As such, both GSH and GSTs have been manipulated as targets in the design of novel chemotherapeutic by: 2. Hayes JD, Kerr LA, Cronshaw AD () Evidence that glutathione S-transferases B1B1 and B2B2 are the products of separate genes and that their expression in human liver is subject to inter-individual variation.
Molecular relationships between the B1 and B2 subunits and other alpha class glutathione S-transferases. Biochem J –Cited by:. Part 1 Enzymology of the glutathione S-transferases, the glutathione S-transferases and their contribution to drug resistance in nature,t and ; rapid purification of glutathione S-tranferases by gradient affinity elution of the glutathione-agarose and the S-hexylglutathione-agarose chromatography matrics, J.D.
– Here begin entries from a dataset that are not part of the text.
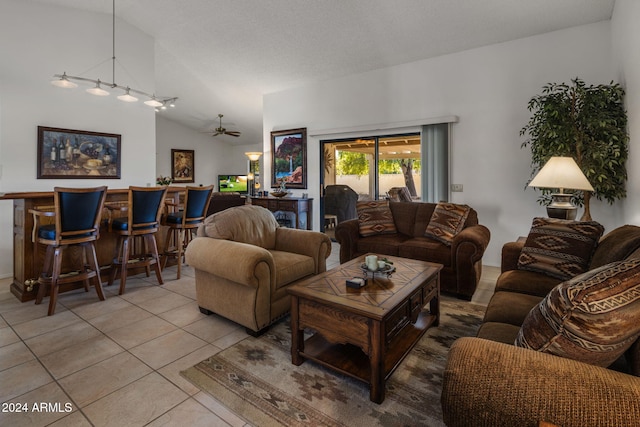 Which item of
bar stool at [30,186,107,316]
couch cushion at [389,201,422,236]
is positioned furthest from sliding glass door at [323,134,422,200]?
bar stool at [30,186,107,316]

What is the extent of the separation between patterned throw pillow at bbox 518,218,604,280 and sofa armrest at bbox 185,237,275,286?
76.6 inches

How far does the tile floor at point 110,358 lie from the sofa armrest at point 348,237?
1.43 metres

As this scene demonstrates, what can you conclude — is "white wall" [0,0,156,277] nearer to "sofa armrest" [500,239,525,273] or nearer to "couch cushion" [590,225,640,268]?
"sofa armrest" [500,239,525,273]

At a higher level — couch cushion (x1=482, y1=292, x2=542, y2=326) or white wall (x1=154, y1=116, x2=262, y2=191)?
white wall (x1=154, y1=116, x2=262, y2=191)

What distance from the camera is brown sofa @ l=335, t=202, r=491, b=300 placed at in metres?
3.12

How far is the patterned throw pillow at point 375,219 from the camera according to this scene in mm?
3994

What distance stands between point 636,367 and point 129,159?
6.11 metres

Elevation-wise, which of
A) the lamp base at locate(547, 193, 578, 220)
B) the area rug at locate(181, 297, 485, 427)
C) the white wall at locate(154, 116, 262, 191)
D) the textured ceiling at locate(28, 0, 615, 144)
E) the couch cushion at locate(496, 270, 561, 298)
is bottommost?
the area rug at locate(181, 297, 485, 427)

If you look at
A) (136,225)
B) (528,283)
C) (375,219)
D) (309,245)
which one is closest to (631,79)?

Glutathione S -transferases (GSTs) are ubiquitous enzymes that catalyze the conjugation of toxic xenobiotics and oxidatively produced compounds to reduced glutathione, which facilitates their metabolism, sequestration, or removal. We report here that soybean (Glycine max) root nodules contain at least 14 forms of GST, with GST9 being most prevalent, as measured by both real-time reverse.Glutathione S-transferases (EC ) are thought to play a physiological role in initiating the detoxication of poten- tial alkylating agents (l-3)) including pharmacologically active compounds.
These enzymes catalyze the reaction of such com- pounds (Fig. 1) with the -SH group of glutathione, thereby.